» **Task details**
Copy word for word the lines of the records below, beginning at the one with "Rubbermaid Commercial Refine" and finishing at the one with "Carte De Remerciements", ends included, but none of the pictures.

** Opening Task material block **

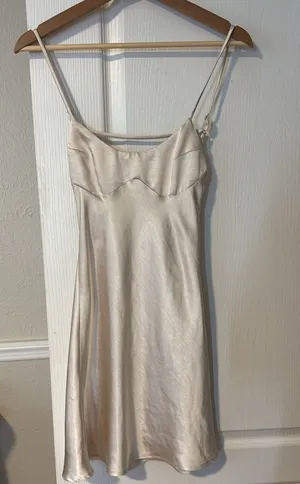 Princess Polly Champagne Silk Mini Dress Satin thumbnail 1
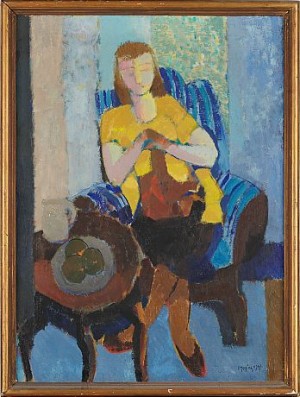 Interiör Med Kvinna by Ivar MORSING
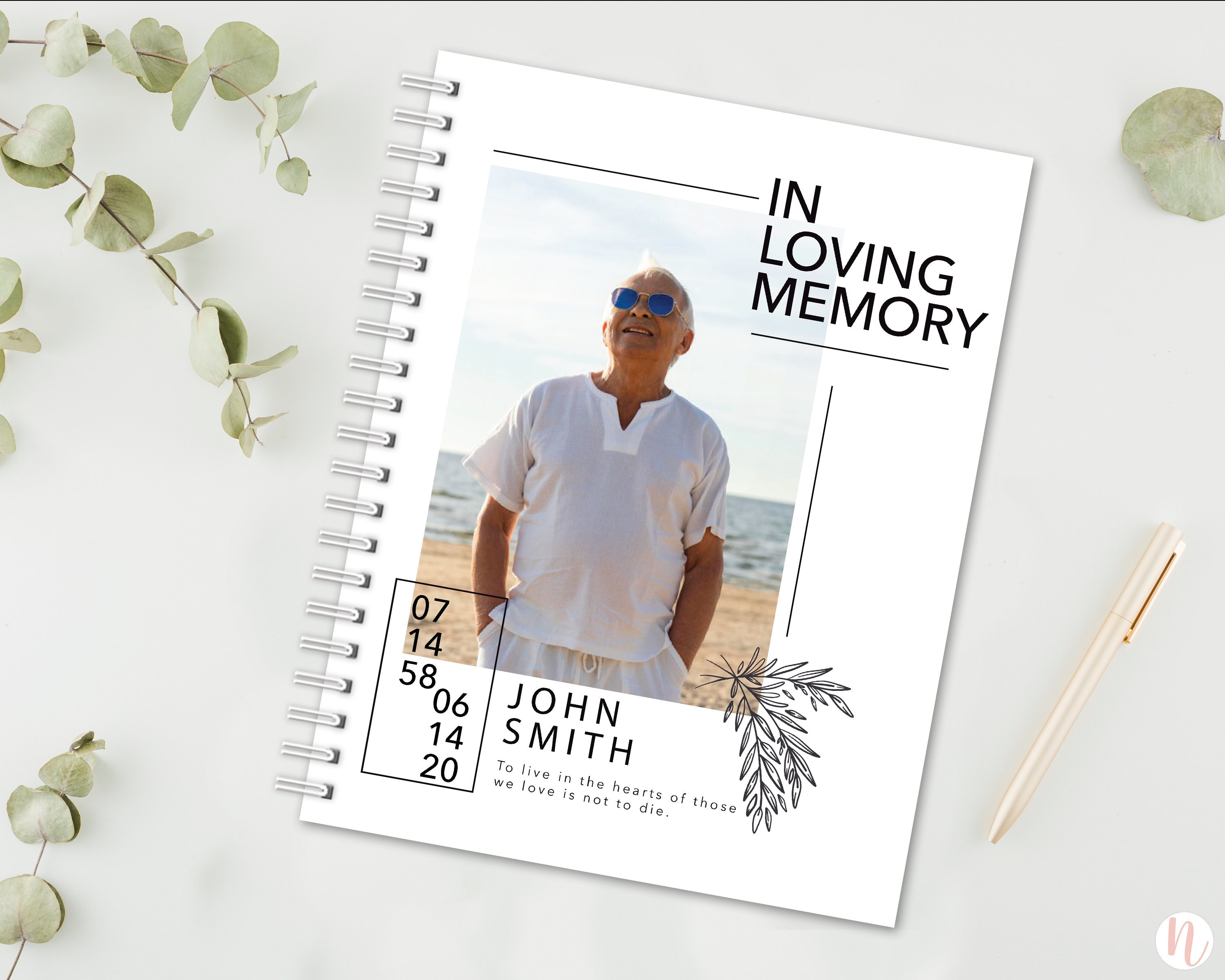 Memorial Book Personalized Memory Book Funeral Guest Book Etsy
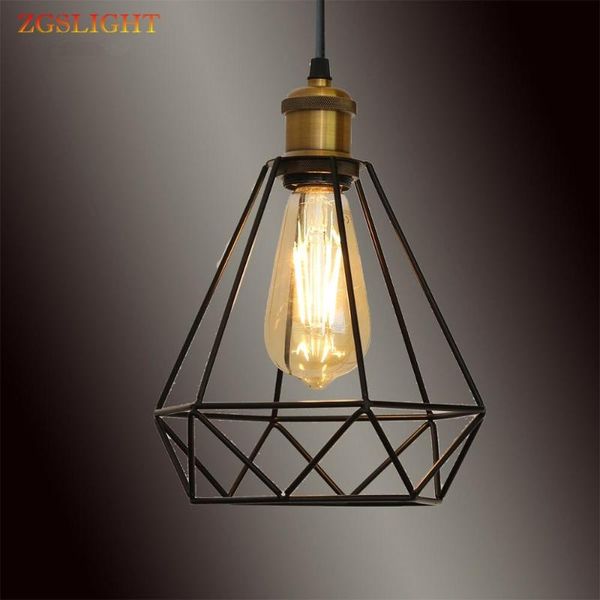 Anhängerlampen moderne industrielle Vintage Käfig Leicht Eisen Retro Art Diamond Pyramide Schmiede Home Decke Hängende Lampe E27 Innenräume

** Closing Task material block **
** Opening Task material block **

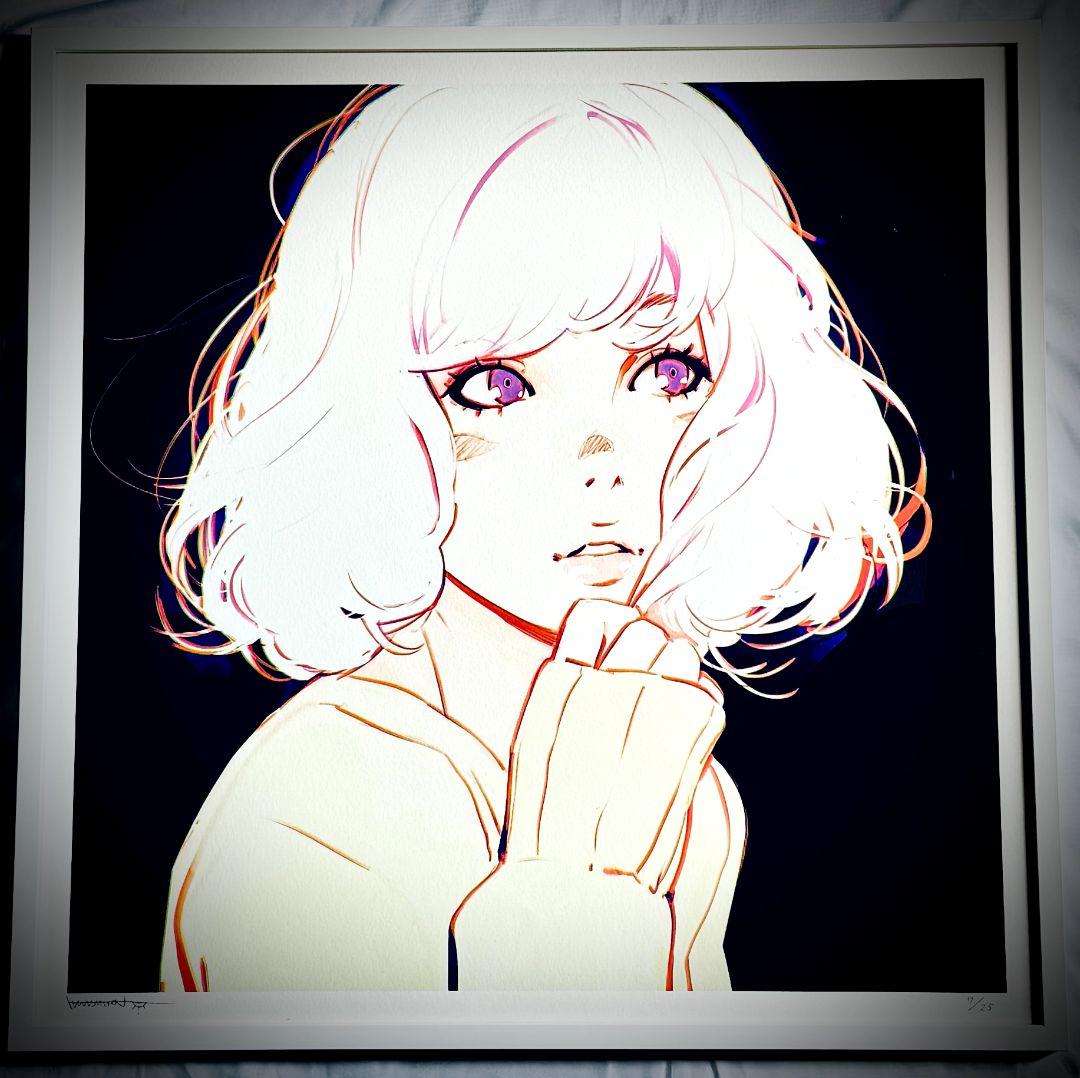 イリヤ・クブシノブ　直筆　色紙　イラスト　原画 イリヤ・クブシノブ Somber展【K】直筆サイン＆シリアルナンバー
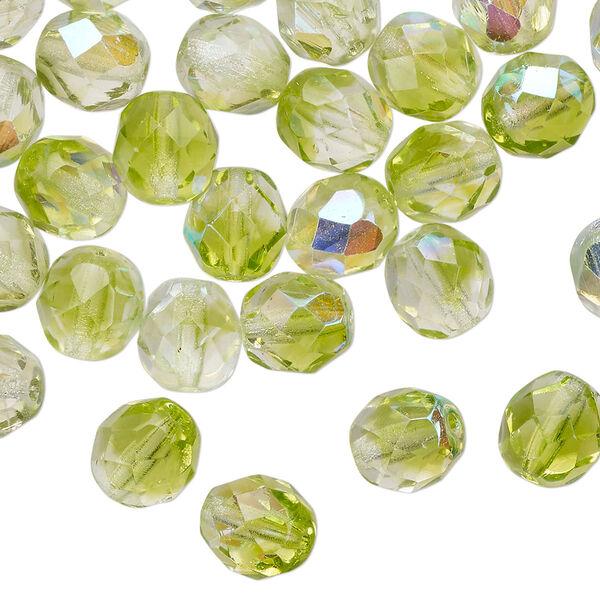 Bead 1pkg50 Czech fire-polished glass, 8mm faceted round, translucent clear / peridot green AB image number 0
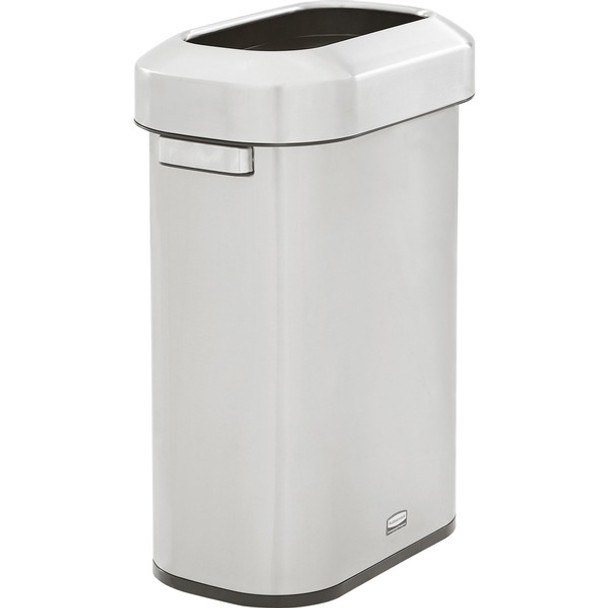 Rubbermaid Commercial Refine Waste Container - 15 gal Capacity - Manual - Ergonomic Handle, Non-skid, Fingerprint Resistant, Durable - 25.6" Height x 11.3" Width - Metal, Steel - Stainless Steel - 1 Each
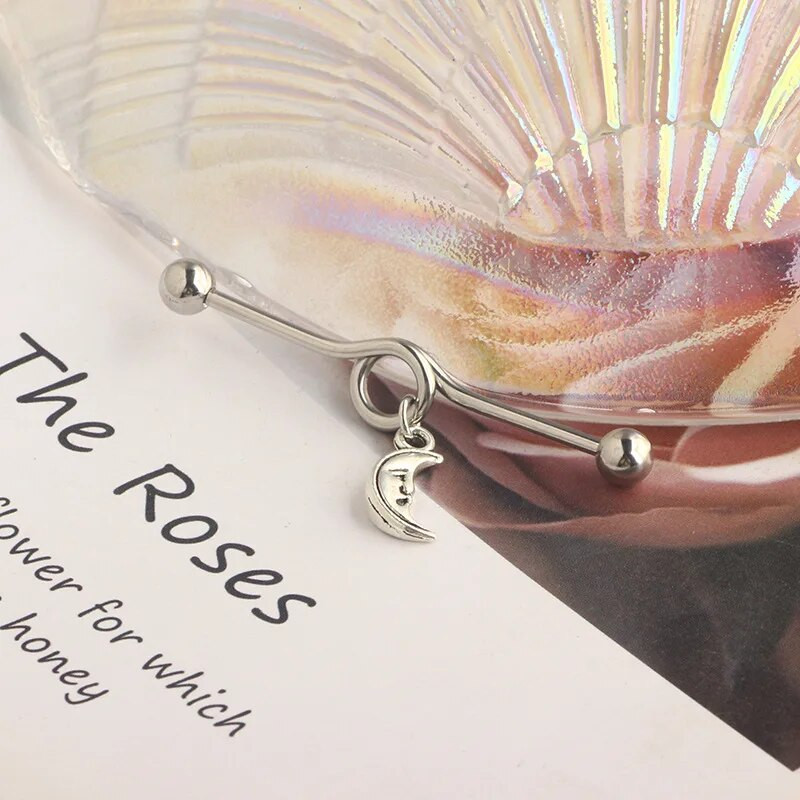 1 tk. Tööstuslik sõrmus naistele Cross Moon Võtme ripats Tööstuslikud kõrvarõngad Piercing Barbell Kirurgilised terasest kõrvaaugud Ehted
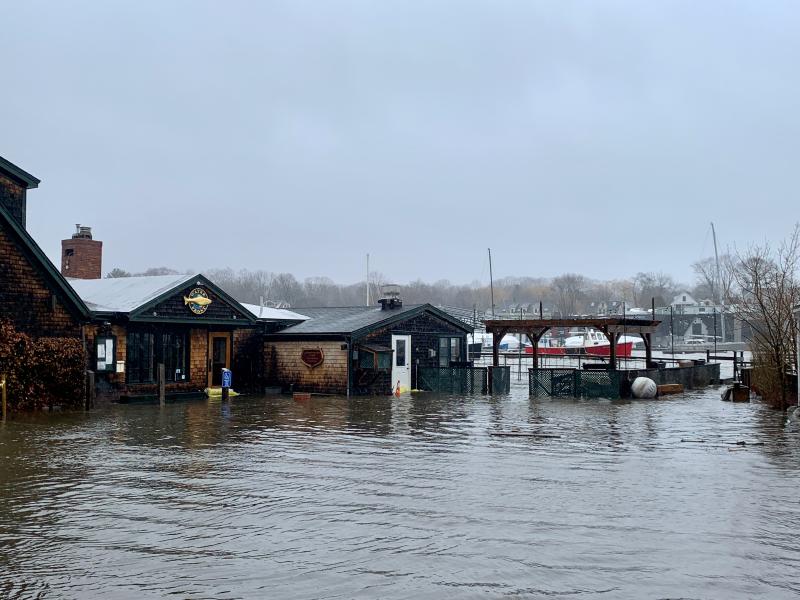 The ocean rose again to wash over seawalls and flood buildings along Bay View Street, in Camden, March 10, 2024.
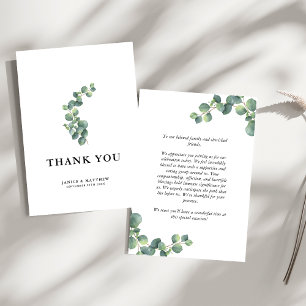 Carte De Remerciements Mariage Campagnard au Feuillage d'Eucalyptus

** Closing Task material block **

» **Solution to the problem**
 Rubbermaid Commercial Refine Waste Container - 15 gal Capacity - Manual - Ergonomic Handle, Non-skid, Fingerprint Resistant, Durable - 25.6" Height x 11.3" Width - Metal, Steel - Stainless Steel - 1 Each
 1 tk. Tööstuslik sõrmus naistele Cross Moon Võtme ripats Tööstuslikud kõrvarõngad Piercing Barbell Kirurgilised terasest kõrvaaugud Ehted
 The ocean rose again to wash over seawalls and flood buildings along Bay View Street, in Camden, March 10, 2024.
 Carte De Remerciements Mariage Campagnard au Feuillage d'Eucalyptus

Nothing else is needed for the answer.